Laval Un Partneri Ltd v Svenska Byggnadsarbetareförbundet [2008] IRLR 160 (C-319/05) is an EU law case, relevant to all labour law within the European Union, including UK labour law, which held that there is a positive right to strike. However, it also held that the right to strike must be exercised proportionately and in particular this right was subject to justification where it could infringe the right to freedom to provide services under the Treaty on the Functioning of the European Union article 56 (ex TEC article 49).

Laval was shortly preceded by another case involving the right to strike on freedom of establishment The Rosella,[1] and by the influential European Court of Human Rights decision in Demir and Baykara v Turkey.[2]

Contents

Facts

A Latvian company, Laval Un Partneri Ltd won a contract from the Swedish government to renovate schools. Laval Ltd posted Latvian workers to Sweden to work on site. These workers earned much less than comparable Swedish workers. The Swedish Building Workers' Union (Svenska Byggnadsarbetareforbundet) asked Laval Ltd to sign its collective agreement. This collective agreement would have been more favourable than the terms required to protect posted workers under the Posted Workers Directive, and also contained a clause for setting pay that would not allow Laval Ltd to determine in advance what the pay would be. Laval Ltd refused to sign the collective agreement. The Swedish Builders Union, supported by the Electricians Union called a strike to blockade Laval Ltd's building sites. As a result, Laval Ltd could not do business in Sweden. It claimed that the blockade infringed its right to free movement of services under TEC article 49 (now TFEU article 56). The Swedish court referred the matter to the ECJ.

Judgment

The ECJ held that, following ITWF v Viking Lines ABP, the "right to take collective action for the protection of the workers of the host state against possible social dumping may constitute an overriding reason of public interest" which could justify an infringement of free movement of services. However, in this case, it did not, because the systems for Sweden's collective bargaining was felt to be not precise enough for the company to know its obligations in advance.
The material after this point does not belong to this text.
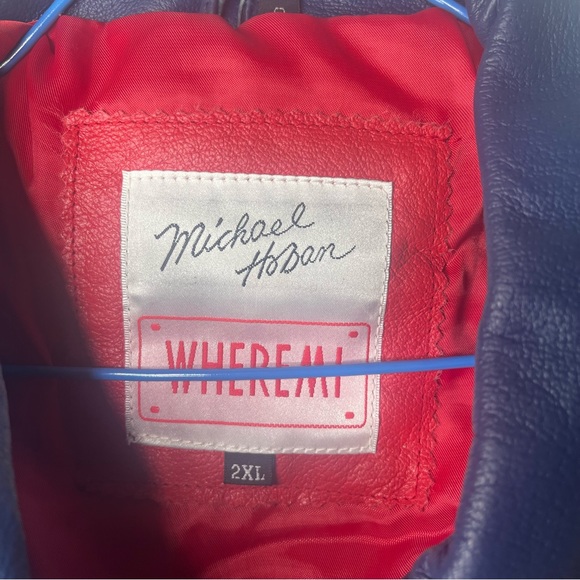 New With Tags Michael Hoban Wheremi USA Flag Leather Jacket Mens 2XL - Picture 7 of 7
110 However, collective action such as that at issue in the main proceedings cannot be justified in the light of the public interest objective referred to in paragraph 102 of the present judgment, where the negotiations on pay, which that action seeks to require an undertaking established in another Member State to enter into, form part of a national context characterised by a lack of provisions, of any kind, which are sufficiently precise and accessible that they do not render it impossible or excessively difficult in practice for such an undertaking to determine the obligations with which it is required to comply as regards minimum pay (see, to that effect, Arblade and Others, paragraph 43).

Significance

The case has been roundly condemned by labour and human rights lawyers throughout the European Union. After the onset of the economic crisis, the issue of posted workers triggered a significant amount of unrest, with police equipping themselves with riot gear in response to wildcat strikes over posted workers in the United Kingdom.[3]